Exercise description: Take the lines below between the one holding "2025 Porsche 911 Carrera" and the one holding "3108 6th St N Arlington, VA 22201", inclusive, and copy them exactly. Add nothing.

Excerpted records:
========

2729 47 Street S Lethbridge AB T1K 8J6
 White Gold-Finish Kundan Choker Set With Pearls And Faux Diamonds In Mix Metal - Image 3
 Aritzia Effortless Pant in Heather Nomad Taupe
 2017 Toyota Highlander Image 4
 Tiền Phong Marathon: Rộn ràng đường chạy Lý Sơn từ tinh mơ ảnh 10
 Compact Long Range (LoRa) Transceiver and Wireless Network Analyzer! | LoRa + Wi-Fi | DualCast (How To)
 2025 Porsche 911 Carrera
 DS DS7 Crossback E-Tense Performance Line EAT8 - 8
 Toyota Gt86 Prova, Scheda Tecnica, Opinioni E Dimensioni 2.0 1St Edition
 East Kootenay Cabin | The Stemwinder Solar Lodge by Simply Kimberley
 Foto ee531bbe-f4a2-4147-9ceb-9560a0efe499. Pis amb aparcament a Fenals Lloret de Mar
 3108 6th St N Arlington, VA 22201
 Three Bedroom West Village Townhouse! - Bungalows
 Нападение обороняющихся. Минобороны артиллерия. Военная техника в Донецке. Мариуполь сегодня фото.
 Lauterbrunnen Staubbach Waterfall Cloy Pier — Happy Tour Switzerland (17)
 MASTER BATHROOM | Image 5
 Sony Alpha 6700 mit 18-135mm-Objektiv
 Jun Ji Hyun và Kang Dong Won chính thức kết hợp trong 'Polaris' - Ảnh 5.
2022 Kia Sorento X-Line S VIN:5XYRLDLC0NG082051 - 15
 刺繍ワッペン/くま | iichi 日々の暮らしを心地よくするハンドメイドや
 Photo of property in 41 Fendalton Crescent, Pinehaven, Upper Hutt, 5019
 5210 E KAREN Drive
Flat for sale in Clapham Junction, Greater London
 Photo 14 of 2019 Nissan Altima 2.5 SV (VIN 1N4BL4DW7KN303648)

========

Reply to the task:
 2025 Porsche 911 Carrera
 DS DS7 Crossback E-Tense Performance Line EAT8 - 8
 Toyota Gt86 Prova, Scheda Tecnica, Opinioni E Dimensioni 2.0 1St Edition
 East Kootenay Cabin | The Stemwinder Solar Lodge by Simply Kimberley
 Foto ee531bbe-f4a2-4147-9ceb-9560a0efe499. Pis amb aparcament a Fenals Lloret de Mar
 3108 6th St N Arlington, VA 22201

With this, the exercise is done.